Finishing up the year in the Bible, I heard this passage:
Then I saw thrones, and seated on them were those to whom the authority to judge was committed. Also I saw the souls of those who had been beheaded for the testimony of Jesus and for the word of God, and those who had not worshiped the beast or its image and had not received its mark on their foreheads or their hands. They came to life and reigned with Christ for a thousand years. The rest of the dead did not come to life until the thousand years were ended. This is the first resurrection. Blessed and holy is the one who shares in the first resurrection! Over such the second death has no power, but they will be priests of God and of Christ, and they will reign with him for a thousand years.—Revelation 20:4-6 (ESV)
Surprisingly, this seems to be the only use of "resurrection" in that book. It sounds like there will be one resurrection at the start of the thousand years (of those who had been beheaded and remained faithful) and that everyone else will be resurrected at the end of the thousand years.

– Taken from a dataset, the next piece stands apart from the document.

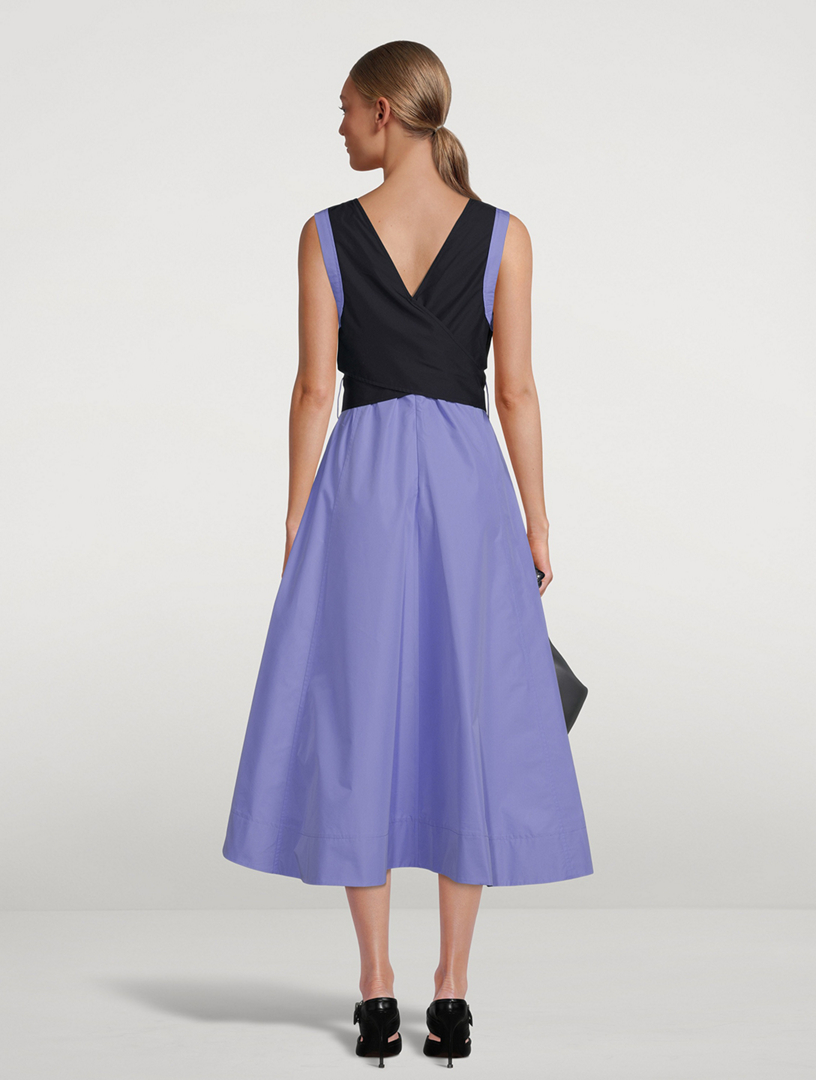 Belted Poplin Midi Dress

On the other hand, the immediate referent of the phrase is "The rest of the dead did not come to life until the thousand years were ended." That would imply that, while the martyrs did come to life and reign with Christ, that event was not properly a "resurrection".
Can we know from the text (and not from any particular doctrine of eschatology) whether there are multiple resurrection events or if there is a distinction between coming [back] to life and a proper resurrection?
To clarify: the Jewish conception of resurrection at the time was that God would bring people back to life once and for all to reward them so they could enjoy life forever. (Most likely, the wicked would be returned to life in order to face justice, but the sources are less clear about them.) The event was to occur just once in all of history in the same way that creation only happened once. The rare cases of people being raised from the dead weren't considered resurrections since there was no judgement and the people would die once again.
Paul also speaks as if there will be just one resurrection:
Behold! I tell you a mystery. We shall not all sleep, but we shall all be changed, in a moment, in the twinkling of an eye, at the last trumpet. For the trumpet will sound, and the dead will be raised imperishable, and we shall be changed.—1st Corinthians 15:51-52 (ESV)
So one way we can interpret the Revelation passage above is to see what happened to the martyrs at the beginning of the thousand years as a simple revival from the dead. The pattern would be the Shunanite child revived by Elisha (as Monica Cellio suggests) or Lazarus.
But the literal reading of the passage is that the martyrs are a sort of first wave of the resurrection. Hence the possible contradiction and the question.